Service Of A Different Kind For Wounded Iraq War Vets

Team Infidel

Forum Spin Doctor
San Diego Union-Tribune
January 26, 2008
Pg. 1
By Alex Roth, Staff Writer
On the first tee at Torrey Pines Golf Course, a Marine with missing lower legs explained why he thought about killing himself in the moments after he was “blown the hell up” in Iraq last year.
David “Davey” Lind was one of four wounded Iraq war veterans who served as honorary first-tee announcers during yesterday's second round of the annual Buick Invitational golf tournament.
At the first hole on the South Course, as the pro golfers teed off in groups of three, Lind and Army Spc. David Foss took turns announcing the golfers' names and hometowns to the crowd.
Foss, 25, lost a leg to a roadside bomb. Navy Petty Officer Randell Leoncio, 26, lost part of a leg, and Army Pfc. Jake Williams, 20, lost a hand. The four were invited to yesterday's tournament by a club official who wanted to honor Iraq veterans.
During breaks in the action, Lind, a master sergeant, quietly told a reporter the story of how he lost his lower legs during a roadside bomb explosion west of Baghdad.
“Quite honestly, once I realized the nature of my wounds, I thought about ending my life,” said Lind, 36, his voice dropping to a near-whisper.
Lind stopped talking for a moment. Bubba Watson, one of the PGA tour's longest hitters, was ready to tee off. As it so happens, Watson's hometown is Bagdad, Fla. Lind found the city name slightly ironic, though not quite as ironic as the name of the place where he lost his legs, a small Iraqi village called Karma.
“From Bagdad, Florida,” Lind announced, “Bubba Watson.”
The crowd clapped politely. Watson pounded his drive some 300-plus yards down the fairway.
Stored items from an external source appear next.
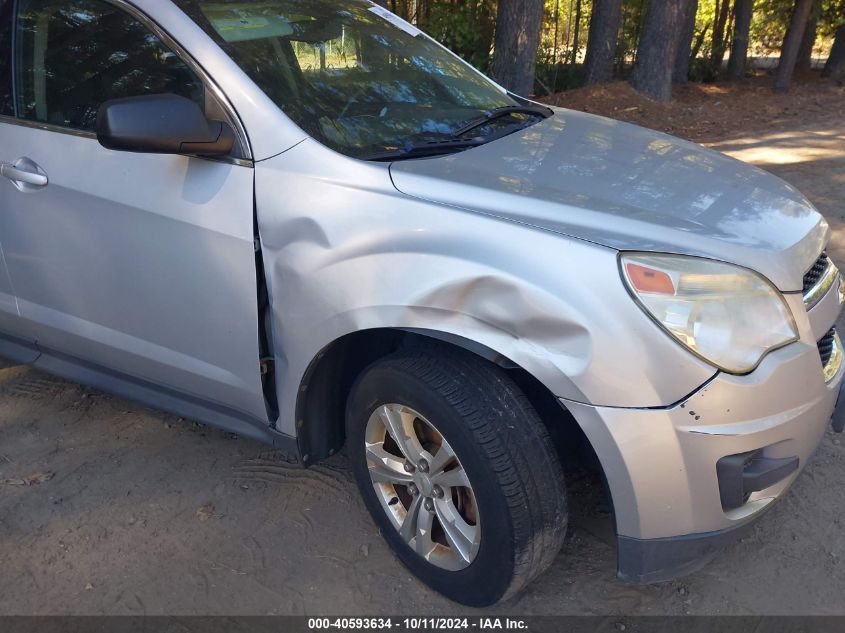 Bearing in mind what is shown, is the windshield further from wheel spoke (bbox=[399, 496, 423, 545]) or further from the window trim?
wheel spoke (bbox=[399, 496, 423, 545])

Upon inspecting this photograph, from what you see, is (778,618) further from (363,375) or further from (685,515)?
(363,375)

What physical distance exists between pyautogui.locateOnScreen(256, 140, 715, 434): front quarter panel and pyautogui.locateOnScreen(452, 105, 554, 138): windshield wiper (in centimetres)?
63

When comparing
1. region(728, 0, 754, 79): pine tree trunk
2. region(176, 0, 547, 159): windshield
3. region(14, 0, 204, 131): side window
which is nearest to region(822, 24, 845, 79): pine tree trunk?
region(728, 0, 754, 79): pine tree trunk

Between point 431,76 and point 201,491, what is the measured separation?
1.88m

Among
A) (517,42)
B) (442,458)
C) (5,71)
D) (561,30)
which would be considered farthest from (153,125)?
(561,30)

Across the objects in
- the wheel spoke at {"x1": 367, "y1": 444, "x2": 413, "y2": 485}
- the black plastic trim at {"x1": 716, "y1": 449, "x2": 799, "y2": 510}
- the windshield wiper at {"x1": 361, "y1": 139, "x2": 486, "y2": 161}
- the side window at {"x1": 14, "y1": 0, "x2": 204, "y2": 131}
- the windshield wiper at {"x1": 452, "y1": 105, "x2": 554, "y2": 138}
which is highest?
the side window at {"x1": 14, "y1": 0, "x2": 204, "y2": 131}

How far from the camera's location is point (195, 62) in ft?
8.64

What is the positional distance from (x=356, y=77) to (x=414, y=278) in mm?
1132

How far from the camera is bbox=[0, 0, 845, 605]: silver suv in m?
2.07

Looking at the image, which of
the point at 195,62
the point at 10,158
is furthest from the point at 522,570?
the point at 10,158

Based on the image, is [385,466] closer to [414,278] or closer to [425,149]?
[414,278]

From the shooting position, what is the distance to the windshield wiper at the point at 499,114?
2920 millimetres

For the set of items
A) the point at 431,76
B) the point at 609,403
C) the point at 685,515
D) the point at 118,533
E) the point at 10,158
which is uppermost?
the point at 431,76

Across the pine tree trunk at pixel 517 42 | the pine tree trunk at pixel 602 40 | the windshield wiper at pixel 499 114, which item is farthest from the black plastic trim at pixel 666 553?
the pine tree trunk at pixel 602 40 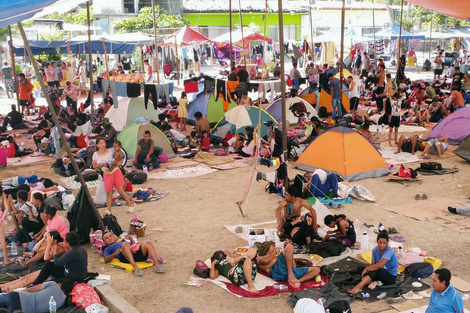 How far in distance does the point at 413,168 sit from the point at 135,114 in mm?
8033

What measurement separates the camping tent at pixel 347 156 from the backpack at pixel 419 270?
14.4 feet

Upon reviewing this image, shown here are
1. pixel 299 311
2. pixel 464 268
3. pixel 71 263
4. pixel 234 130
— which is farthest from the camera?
pixel 234 130

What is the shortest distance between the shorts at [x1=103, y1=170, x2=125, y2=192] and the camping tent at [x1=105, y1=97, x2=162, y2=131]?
6564 millimetres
Then Lind, standing off to one side on his concealed prosthetics, continued telling his story.
“I was in completely agonizing, excruciating pain,” he said, recalling the immediate aftermath of the bomb explosion beneath his Humvee. Lind said he was in so much pain, and so overwhelmed by his sudden physical deformity, that he thought about grabbing his pistol and shooting himself as he lay bleeding in the dirt.
“I thought about my children, thought about my wife,” he said as the next group of golfers walked to the tee box. (He paused briefly to shake hands with the golfers, all three of whom thanked him for his military service.)
“Then,” he continued, “I spoke to the Lord and told him, 'Whatever you plan for me is good enough.'”
Soon after that, Lind said, his pain subsided to a “tolerable level.”
“Things have gone along pretty well since then,” he said.
It has been seven months since he suffered his wounds on June 14, 2007, a date he calls his “Alive Day.” These days, the Camp Pendleton Marine – a married father of three – is recuperating at San Diego Naval Medical Center.
His recovery has been wildly successful.
“They told me I'd walk in a year,” he said. “I walked in two months.”
Before his injury, he had hoped to become a cop. That's no longer a realistic goal. He's working on a post-graduate degree and hoping to find work in the burgeoning industry of homeland security.
Lind has a number of other goals, too. He wants to do everything possible to make sure his children won't worry about him. (He told his middle child – a 10-year-old boy – to think of his prosthetics as “robot legs.”)
And like countless men everywhere, from the pros to the weekend hackers, he's determined to improve his golf game.